Nous devons enfin mettre un terme à la tyrannie du monde de
l’entreprise capitaliste, c’est-à-dire mettre
à bas le carcan de mesures et de règles sans cesse
renouvelées par les entreprises et qui enserrent nos vies
quotidiennes comme les barreaux d’une cage. Ainsi, un être
humain qui n’a pas demandé à naître,
n’est également pas destiné à suivre une
formation dans le seul objectif de trouver un travail et de gagner sa
vie. Un homme étant né, n’a plus besoin de
justifier son existence. Par contre, il ressent le besoin de lui donner
un sens.
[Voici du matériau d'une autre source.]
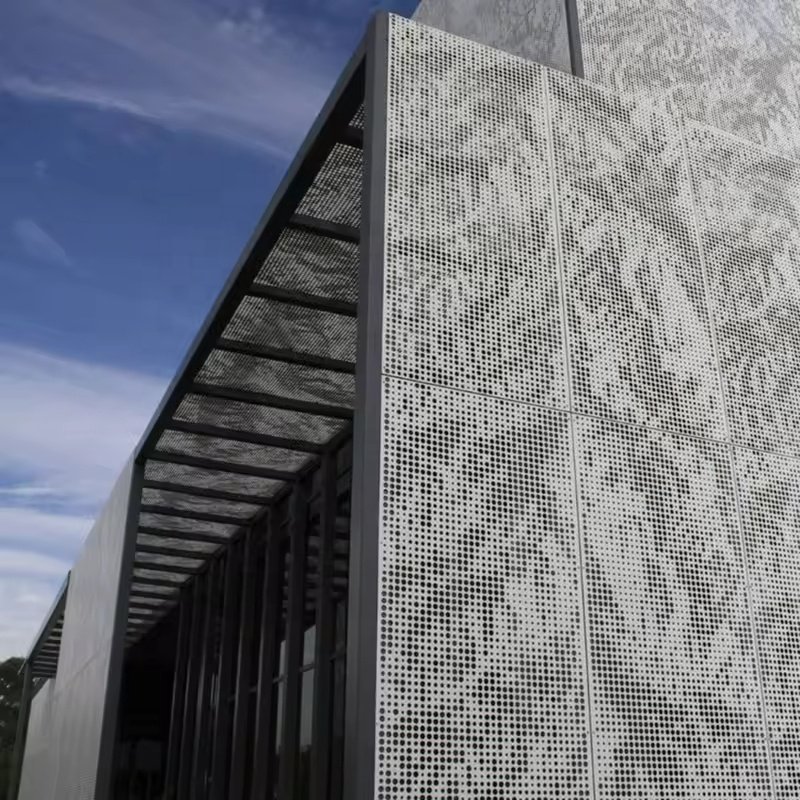 Metal wire mesh high quality Made In China metal 304 316 perforated stainless steel wire mesh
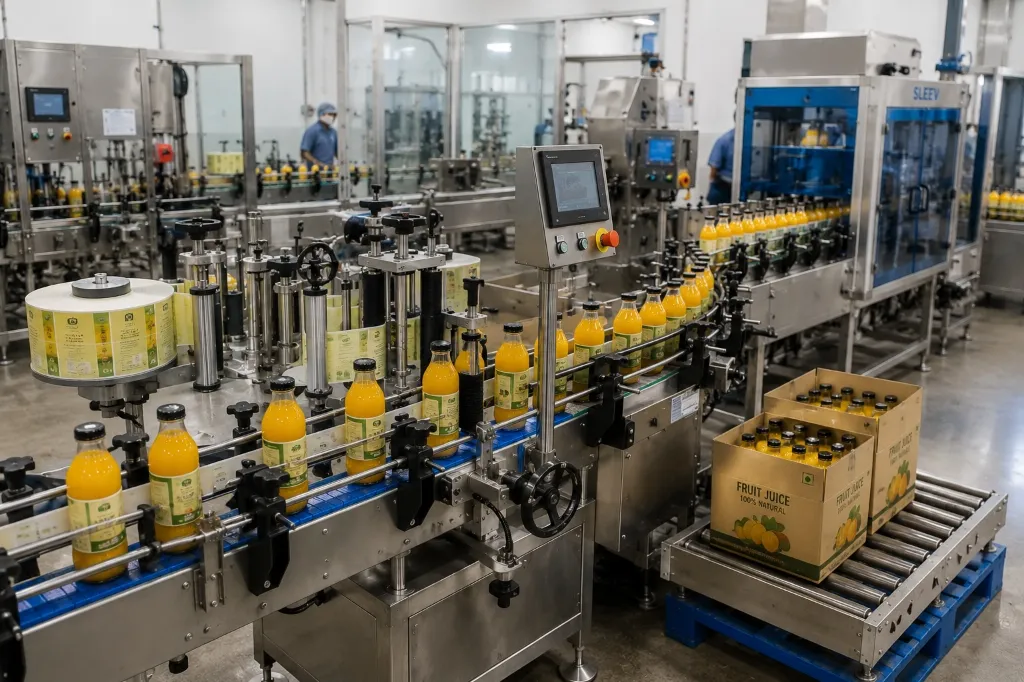 Automated Labeling & Packaging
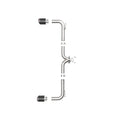 aFe axle-back exhaust close-up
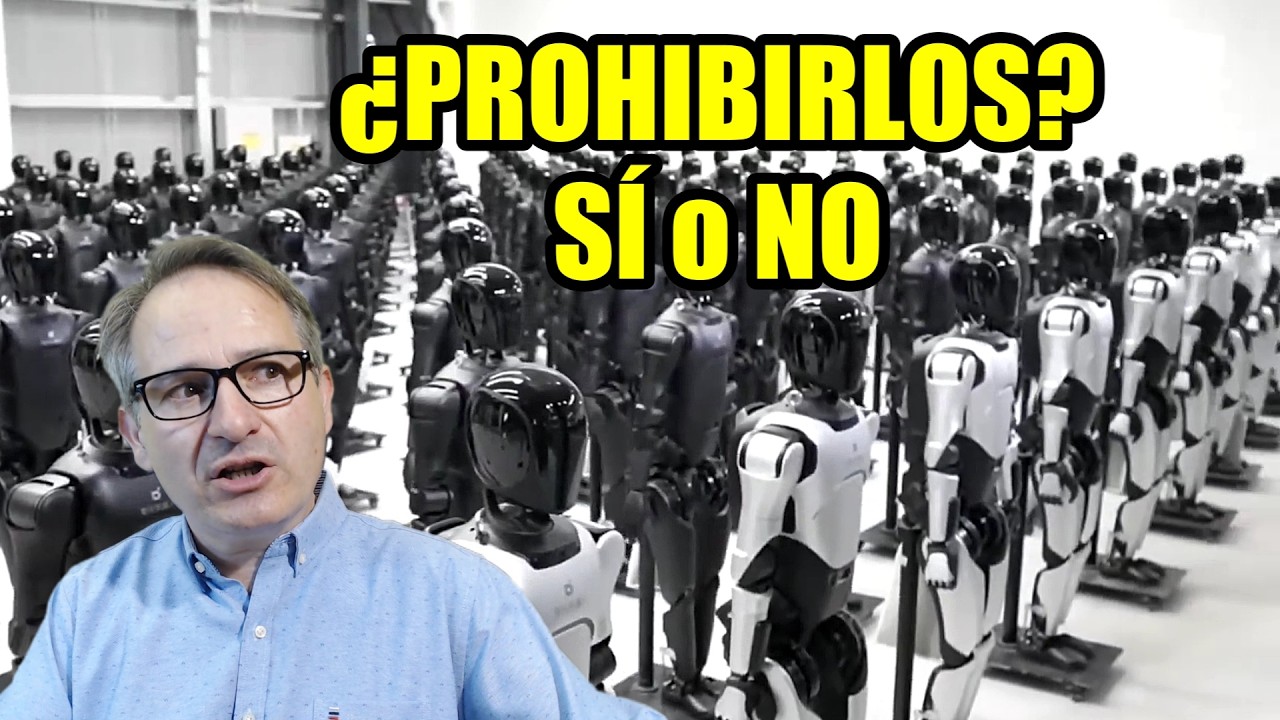 ¿ROBOTS CHINOS AMENAZAN la SEGURIDAD de EE.UU.? Acta de Robótica para la Seguridad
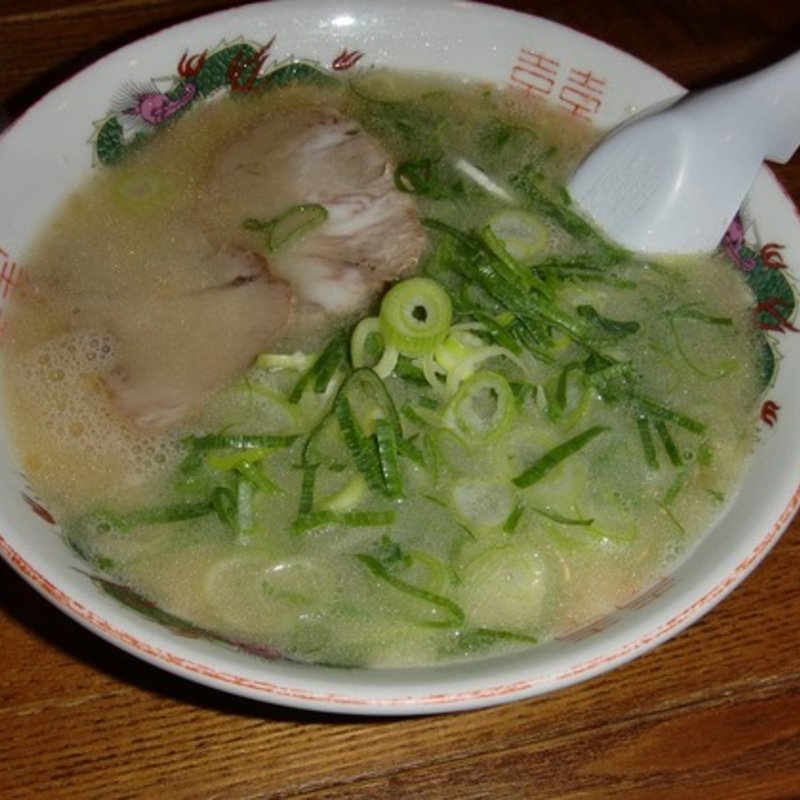 ラーメン(長浜ラーメンはじめ2号店)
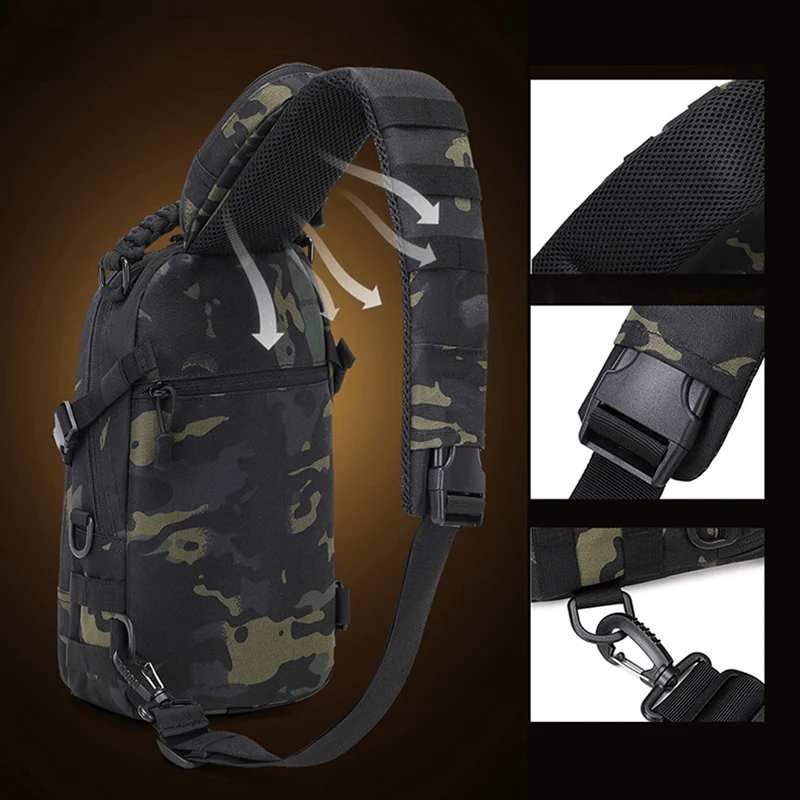 Męska torba sportowa na ramię  – Fishing Backpack recenzja i cena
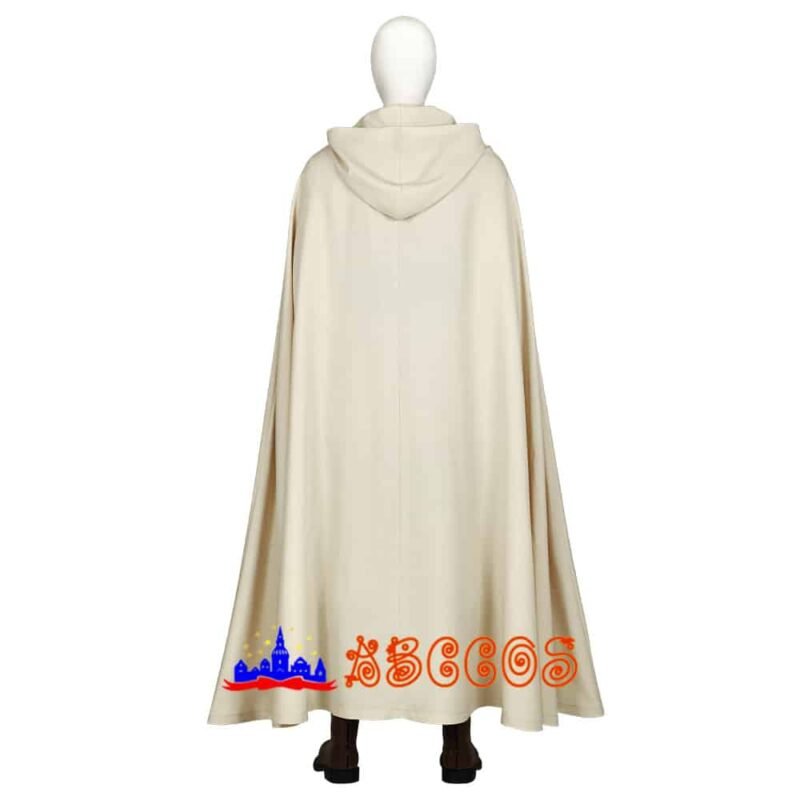 Star Wars The Acolyte Jedi Master Sol cosplay costume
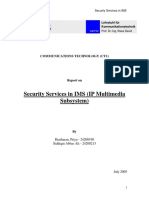 Ims Security Services Ausarbeitung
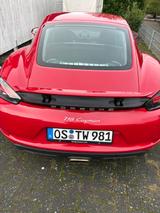 Porsche  Cayman 718 Basis - Porsche: 718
Par rapport à cela, le monde capitaliste ne fait que
broyer aspiration sur aspiration, ne présentant que comme seuls
règles valables celles qui sont validées par la
nécessité des patrons.

C’est donc à nous d’imaginer un monde où
chacun pourra enfin choisir l’existence qui lui convient le
mieux, selon ses désirs personnels en perpétuel
changement, sans pour cela avoir à souffrir la moindre
discrimination, qu’elle soit de nature économique,
politique ou sociale. Le bien-être des autres consistant, bien
entendu, la seule barrière à
l’épanouissement personnel.

Helder Mendes Baiao


1    BLOCH, Ernst, Le principe espérance,
trad. de l’allemand par Françoise Wuilmart, Paris,
Gallimard, 1976, (1954), vol. 1, p. 15.